On any given day, Halima has her work cut out for her. As a community health volunteer in a rural area outside of Mombasa, she makes one or two home visits per day, checking in on families participating in ChildFund’s program to help children and families affected by HIV and AIDS in Kenya’s Coast and Nairobi provinces. Halima has 50 children on her list.

Launched in 2011 and run by ChildFund Kenya and several other partner organisations, the USAID-funded program takes a comprehensive approach to ensuring that these children and their caregivers have a safety net so they can build a more hopeful future.

Today, Halima’s first visit is with Nadzua, 35, who is mother to 11 children, after marrying into a family who had lost their mother to HIV.  She greets Halima warmly in her front yard, a sleepy toddler balanced on her hip. Her two-year-old son, Mbega, is Nadzua’s only child home this morning – the others are at school, and her husband is in town.

The women sit together outside to chat. Before moving on to today’s subject – how Nadzua can gain skills to improve her family’s income – there is a lot to talk about; from the children’s health and immunisations and school to nutrition and hygiene and how Nadzua is doing in the literacy classes Halima encouraged her to take.

For Nadzua, it is hard with 11 children to care for, but life has improved since Halima’s visits began. “I have gained a lot from Halima,” Nadzua says. “I am more educated, more informed on how to take care of my children and my household.”

Nadzua and her two-year-old son, Mbega.

And she’s especially proud of herself on this day – she has just harvested and sold 10 bags of green lentils, which meant she could cover her eldest son’s high school fees.

As Halima leaves a little later, she breathes a happy sigh – she loves her work. She loves seeing families thrive despite the devastation of HIV and AIDS. Because she knows exactly how hard it is.

Halima, a single mother of four, has also taken in her sisters’ three children after she passed away from AIDS-related illnesses. All three children are HIV-positive.

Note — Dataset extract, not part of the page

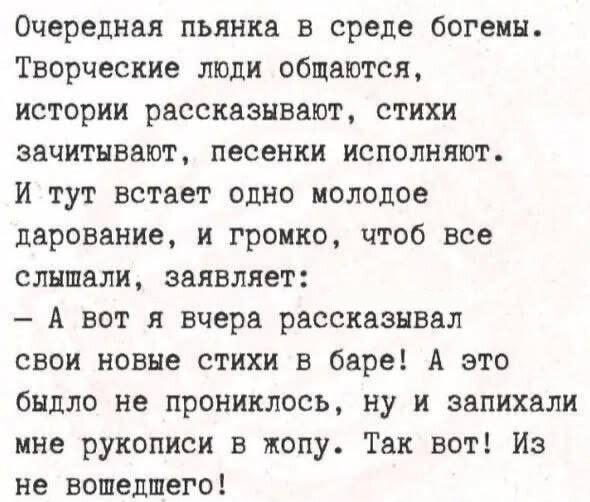 Из невошедшего: когда поэзия нашла свой *путь* на дне бара!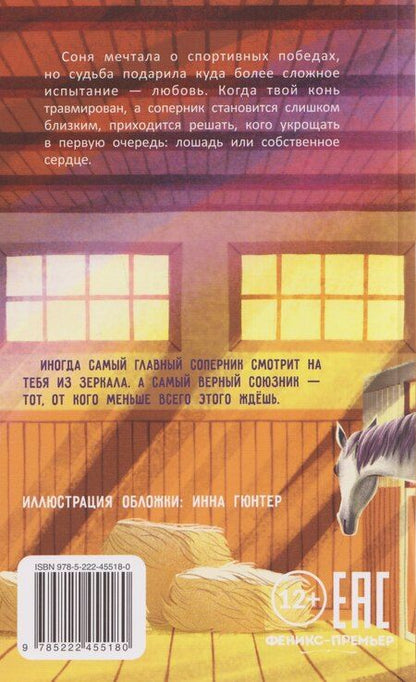 Фотография книги "Ольга Сергеевна: Обуздать любовь"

And, thanks to Halima and all that she’s learnt, all seven children are thriving.

On her way to her next appointment, Halima passes a school she visits nearly every week to educate parents about children’s needs. “I’m proud to see that the parents in the village understand the importance of growth monitoring, and that they are interested in their children`s school performance and attendance,” she says.

Halima’s next client, Mwau, is a widowed father of four, and he’s waiting for Halima when she arrives. His wife died four years ago. “When one parent dies, it gets even more difficult to take care of the family,” he says. He has a 16-year-old daughter and three sons, 8, 12 and 14.

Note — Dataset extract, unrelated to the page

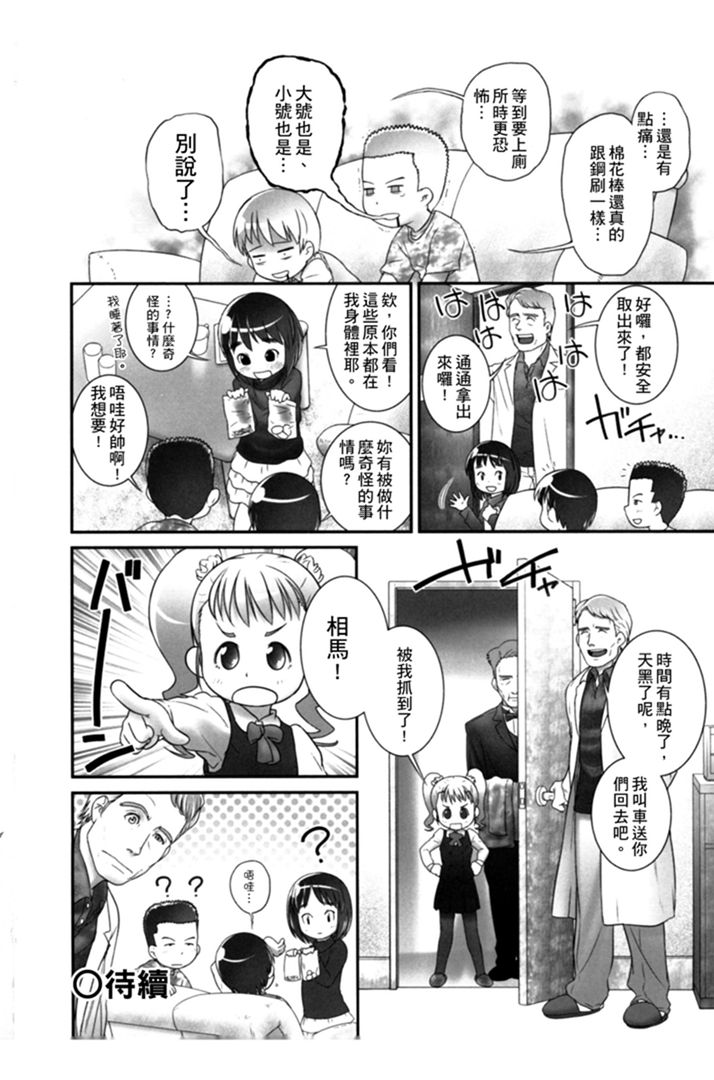 第1话 第 50 页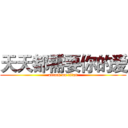 天天都需要你的爱 (attack on titan)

Mwau has participated in several of ChildFund’s workshops – on child rights, nutrition, health and economic empowerment. With other farmers, he’s a member of one of ChildFund`s village savings and loan groups. The men are also working together to find better markets for their wares.

Thanks to what he’s learnt and earned through the overall program, Mwau has been able to move his family from a rickety mud hut into a stone house.

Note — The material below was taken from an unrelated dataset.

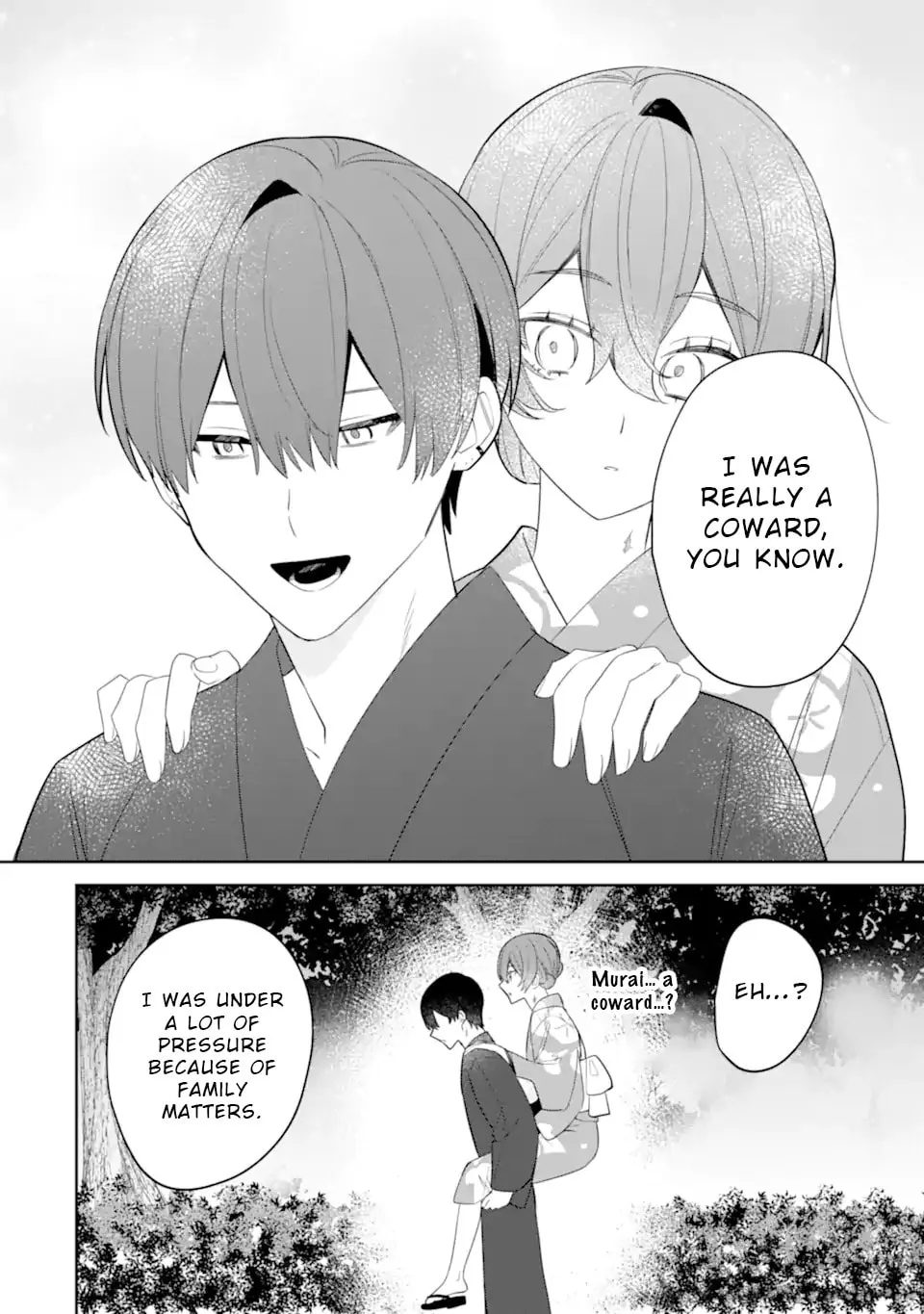 Date or Kill: Himitsu no Matching Chapter 8.2 page 10 -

Still, he worries about his children – especially his daughter.

“My daughter was most affected when her mother died,” he says. When the 16-year-old began coming home late after school, he wanted to yell at her, but he didn’t. Through the workshops and from his talks with Halima, he knew there were better ways to handle teenagers. But this was really a job for a mother. So, at his request, Halima stepped in.

“I explained that while she may want to enjoy the company of friends, some will not have good intentions toward her,” Halima remembers. “There are risks such as rape, and the consequences can be unwanted pregnancies and dropping out of school.”

Halima also encouraged Mwau’s daughter to help out at home – her family needs her. They all need each other.

It`s moments like this that keep Halima moving forward. “I have my drive because people in the community listen to me,” she says. “I have a deep desire to see them grow and lead better lives.”